Pour notre équipe, le maintien du volume de la nef et du portique (narthex) est essentiel. Ce volume typique, avec sa voûte et ses bas-côtés, caractérise fortement l'Agora des Arts. Il est reconnu pour ses qualités acoustiques et constitue un lieu familier pour les spectateurs. Il nous semble donc fondamental d'en conserver les qualités spatiales les plus importantes et de ne pas les dénaturer par une accumulation de fonctions de service. Celles-ci gagneront en efficience en étant judicieusement relocalisées ailleurs. Libéré de contraintes fonctionnelles et de reconfigurations spatiales malheureuses, le portique de l'église restera ainsi vivant, lumineux et surtout appropriable.
Dans la même logique, le maintien de l'escalier extérieur (reconfiguré pour s'adaptera notre proposition urbaine) démontre notre volonté de préserver ce patrimoine architectural et social sans le dénaturer, mais en lui ajoutant de nouvelles dimensions, de nouvelles appropriations et de nouvelles incarnations, qui deviendront mémorables pour les prochaines générations. Figure urbaine symbolique, l'escalier est en effet un lieu de spectacle en soi, où le visiteur devient acteur et se met en scène par ses vêtements, sa démarche, ses actions, ses attitudes.
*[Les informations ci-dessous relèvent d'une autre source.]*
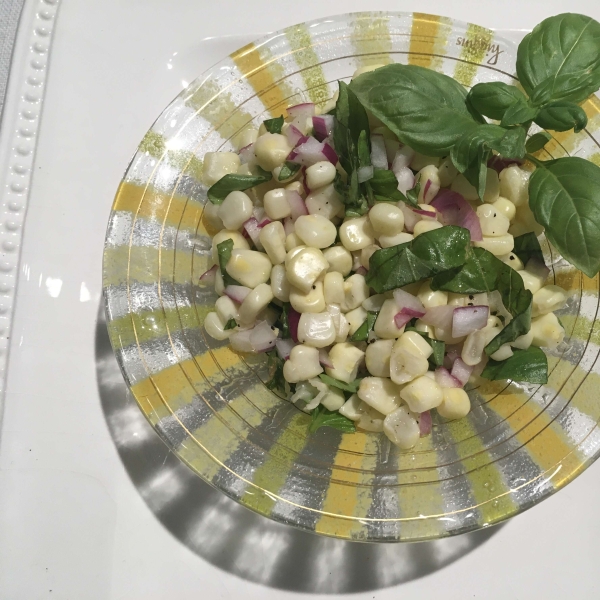 Fresh Summer Corn Salad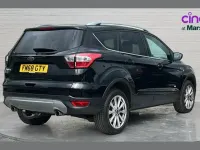 Usado Ford Kuga Titanium 180 CV (132 kW) 2019 Negro SUV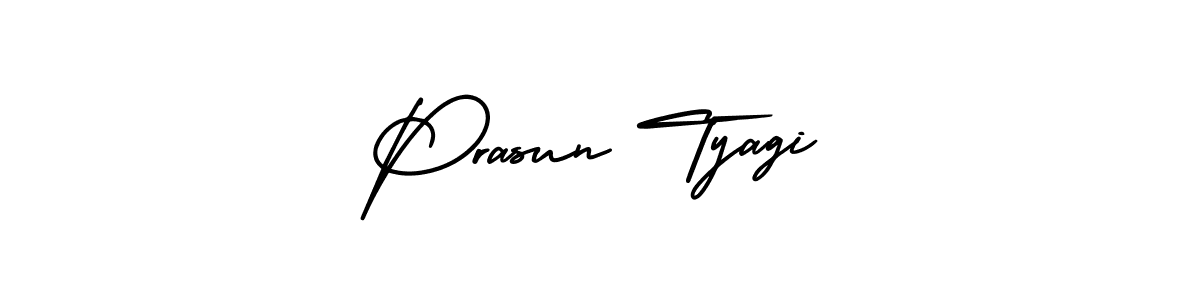 Here are the top 10 professional signature styles for the name Prasun Tyagi. These are the best autograph styles you can use for your name. Prasun Tyagi signature style 3 images and pictures png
Le specta(c)teur se montre à la rue et la rue le regarde : il affirme ainsi sa présence, voire même son existence! Situé en plein coeur du quartier des spectacles / du vieux Noranda, l'escalier de l'église agit comme un lieu de repos, une halte anticipée pour les promeneurs et un lieu de rendez-vous. La décision de maintenir le volume de la salle et l'escalier en repensant leur utilisation pour les offrir au public de façon optimale, est donc primordiale : elle constitue le coeur de notre démarche architecturale.
APPROCHE URBAINE : UNITÉ D'ACTION
L'Agora des Arts n'est pas seulement un nom, c'est un lieu : un lieu de rencontre avec la ville et un lieu de rencontre avec les arts, l'agora, duquel l'organisme de diffusion tire son nom, trouve sa matérialisation dans l'expression d'une place urbaine - lieu de vie et d'animation artistique - à l'intersection de la 7e rue et de l'avenue Murdoch. De part et d'autre de l'escalier de l'église, le parterre gazonné sera ramené au même niveau que celui du trottoir. A l'est, ce trottoir bordant deux rues se prolongera par une esplanade minérale, appropriable été comme hiver et de façon tant spontanée qu'organisée. L'esplanade crée un contact permanent et direct entre le promeneur/spectateur et le lieu de spectacle. Insérées entre des pavés aux tons variés, des dalles de granit rouge polies y réfléchissent la lumière et dynamisent la surface. À l'ouest, une placette minérale prolongera l'esplanade et accueillera la sculpture Inflexion (les guitares). Placée en retrait, une discrète porte d'issue donnant accès à la salle de répétition est dissimulée dans le nouveau parement métallique qui revêt la fondation de l'église. À l'occasion, cette porte permettra l'accès direct à la salle de répétition. Elle pourra aussi servir de débarcadère pour de petits éléments de décor ou des coffres de tournée.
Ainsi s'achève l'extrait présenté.